Inviolability of correspondence is a core protection of diplomatic tradecraft, ensuring that a sending state can communicate with its mission abroad without surveillance or interference by the receiving state. It is codified in Article 27 of the Vienna Convention on Diplomatic Relations (1961), which obliges receiving states to permit and protect free communication on all official purposes, and declares that the official correspondence of the mission is inviolable.
The principle extends to several concrete instruments:
- The diplomatic bag, which under Article 27(3) must not be opened or detained, provided it bears visible external marks and contains only diplomatic documents or articles intended for official use.

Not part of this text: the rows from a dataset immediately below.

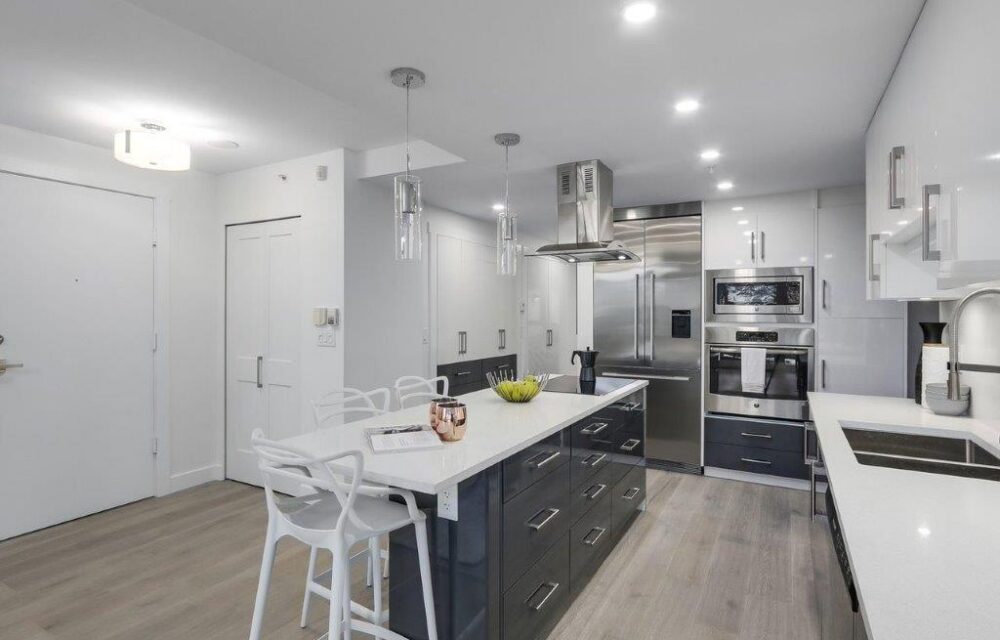 Bright custom kitchen with island seating and wood cabinetry
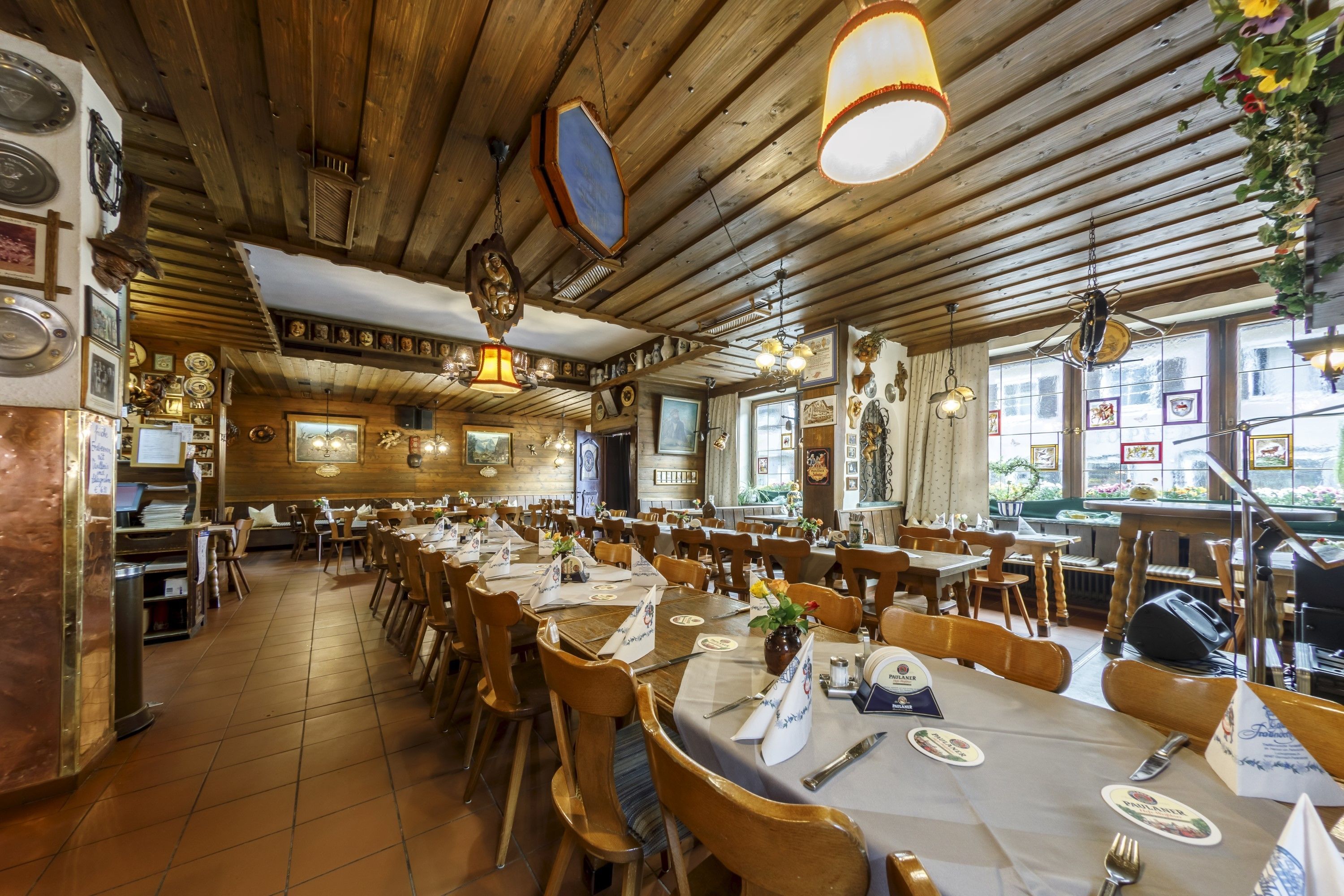 Un restaurant avec des plafonds en bois, de longues tables et des chaises.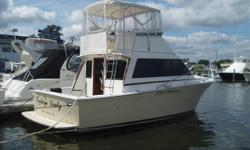 A WHOLE LOT OF UPDATES MAKE THIS PARTICULAR EGG HARBOR A STUNNING GEM!!
TEAK WOOD INTERIOR, METICULOUSLY DONE. 2 STATEROOMS (V-Berth Converts to Double - Forward & 2 Bunk Guest Room - Starboard). STAND-UP HEAD, NEW WINDOW COVERINGS, WINDOWS TINTED, NEWER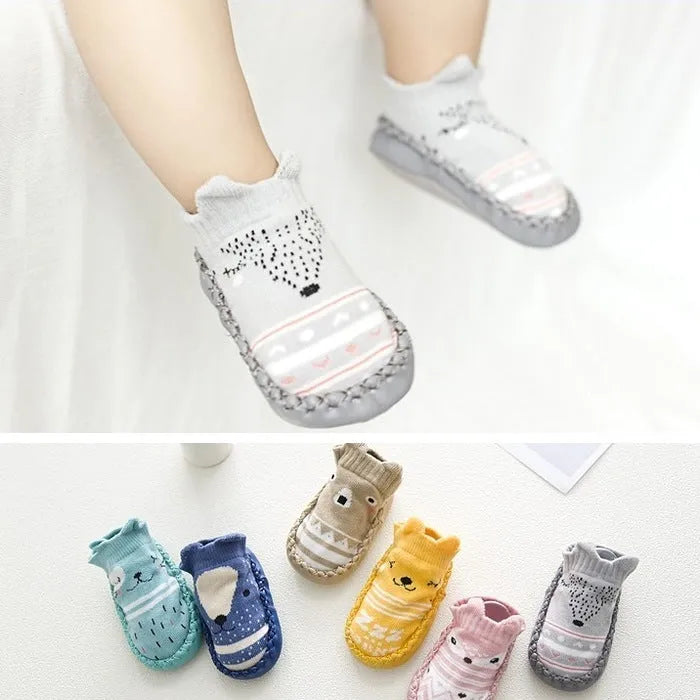 Pair of pastel coloured baby socks with anti-slip dots on the sole, shown flat.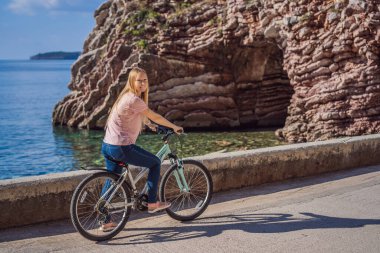 Bisikletli kadın turist Karadağ 'da Budva' yı keşfediyor. Karadağ 'da bisiklet kavramı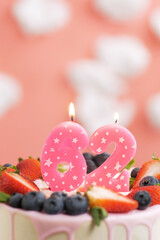Birthday cake number 62. Beautiful pink candle in cake on pink background with white clouds. Close-up and vertical view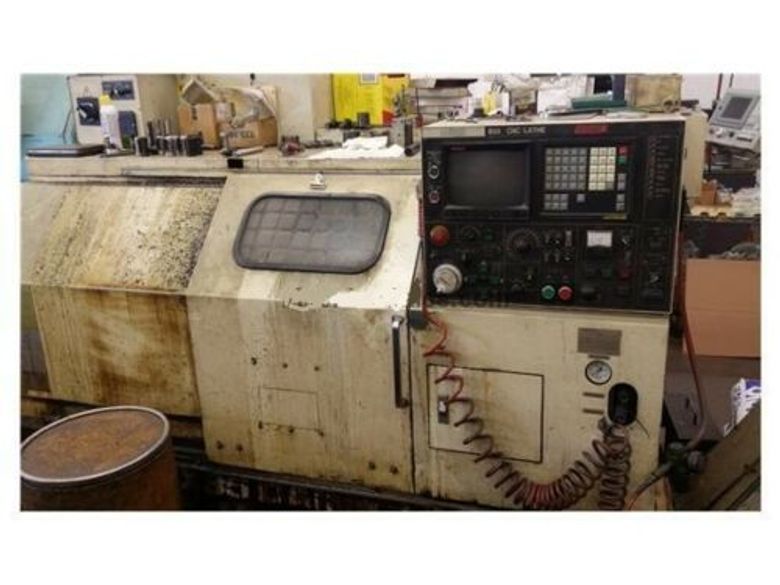 EQUIPPED WITH 4-AXIS, 22X60, FANUC 11TT, 4' SPINDLE HOLE, 15" CHUCK, COLLET HEAD, 60 HP, 3200 RPM, UNDER POWER & RUNNING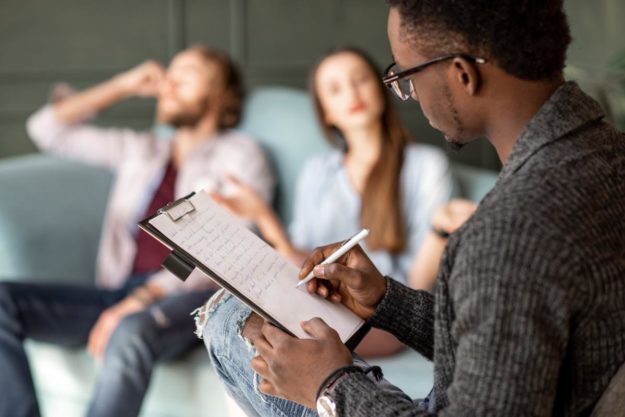 man writing on clipboard explaining types of addiction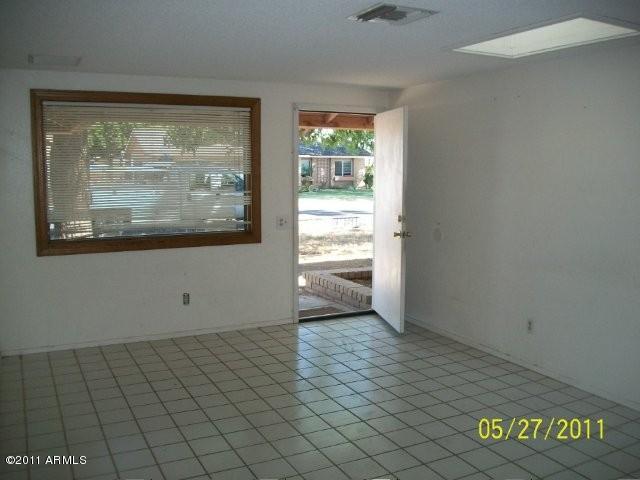 1831 West Decatur Street Mesa, AZ 85201 - Photo 6 of 10 an empty room with windows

- The diplomatic courier, who enjoys personal inviolability while performing functions (Article 27(5)).
- Use of codes and ciphers, expressly permitted under Article 27(1), though installation of a wireless transmitter requires the consent of the receiving state.
Parallel protections exist for consular posts under Article 35 of the Vienna Convention on Consular Relations (1963), though the consular bag regime is slightly weaker: if authorities have serious reason to believe it contains something other than official correspondence or articles, they may request it be opened in their presence, and if refused, return it to origin.

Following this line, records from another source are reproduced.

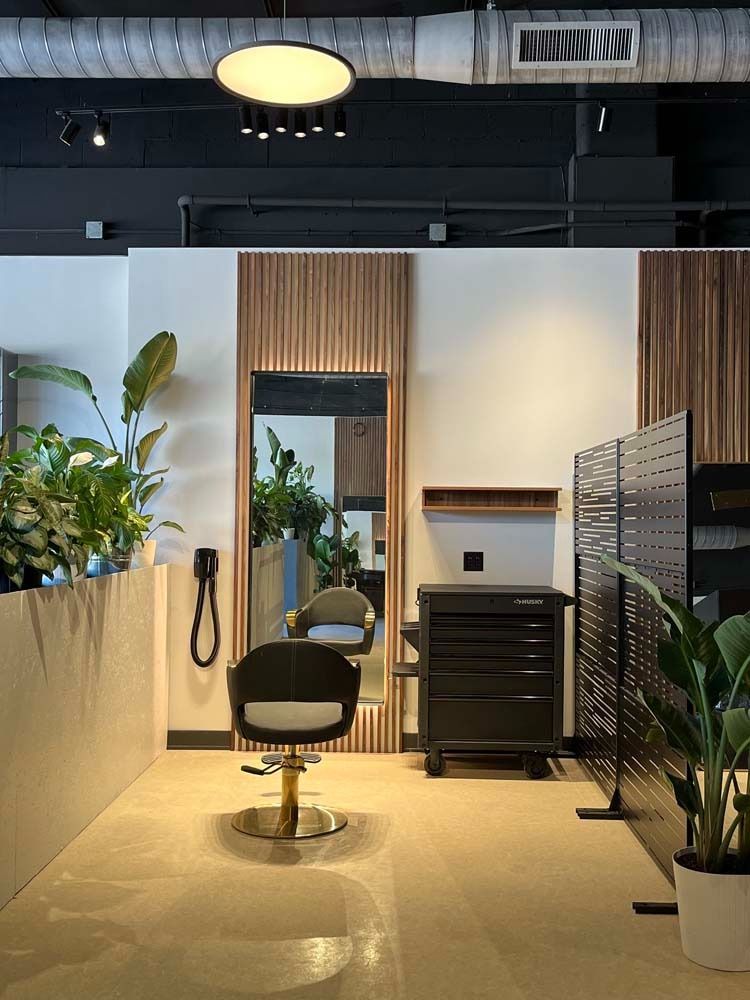 Hair salon interior with chair, mirror, wooden paneling, and plants.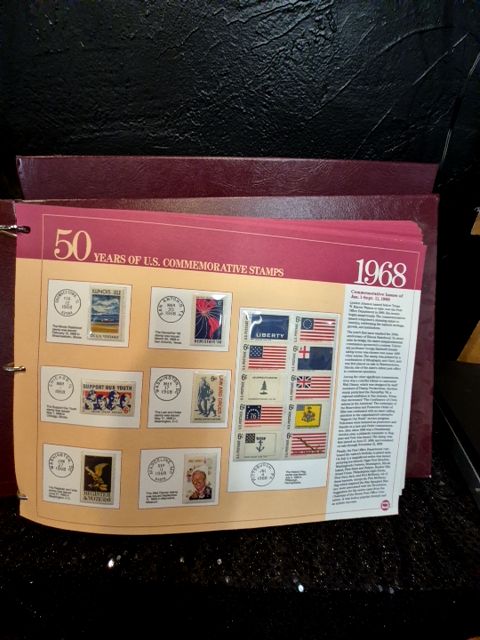 Burgandy United States Postal Service 50 Years of US Commemorative Stamps (2 Albums), 16" × 11.5"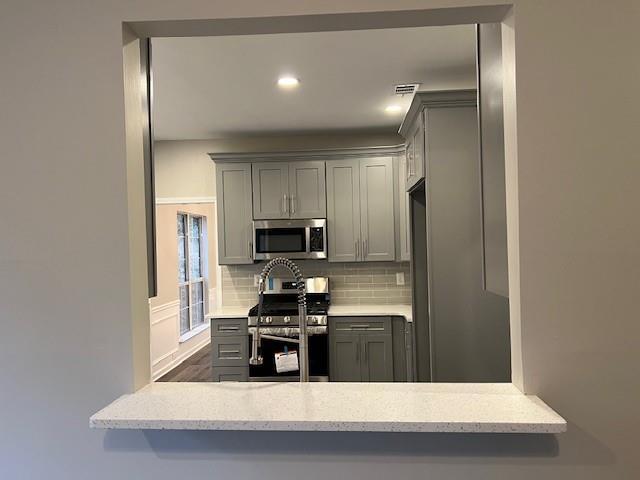 kitchen featuring recessed lighting, gray cabinetry, stainless steel appliances, a peninsula, and decorative backsplash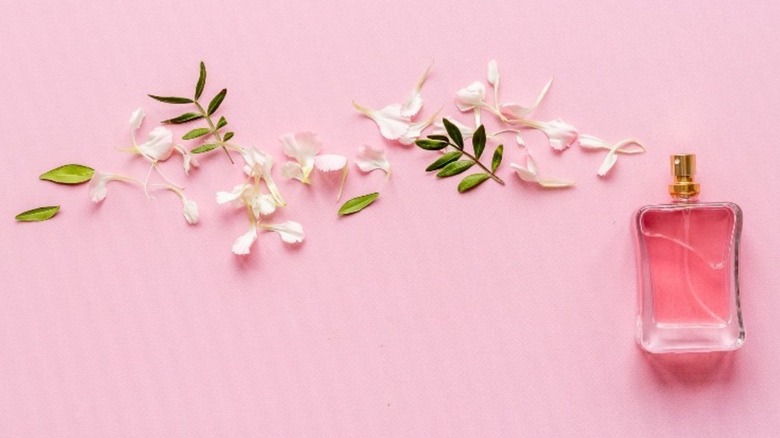 A perfume bottle spraying petals and leaves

In practice, inviolability of correspondence has been tested by intelligence-era controversies, including allegations of bag tampering, electronic interception of embassy traffic, and disputes over the scale of bags (notably the 1984 Dikko affair in London, where Nigerian agents attempted to smuggle a former minister in a crate falsely labelled as diplomatic baggage — UK authorities opened it precisely because it failed the bag's legal definition).
The rule is reciprocal in character: states uphold it largely because their own missions abroad depend on the same protection.
Example
In the 1984 Dikko affair, UK customs officers at Stansted Airport opened a crate labelled as Nigerian diplomatic baggage and found the drugged former minister Umaru Dikko inside; because the crate did not meet the formal requirements of a diplomatic bag, inviolability did not apply.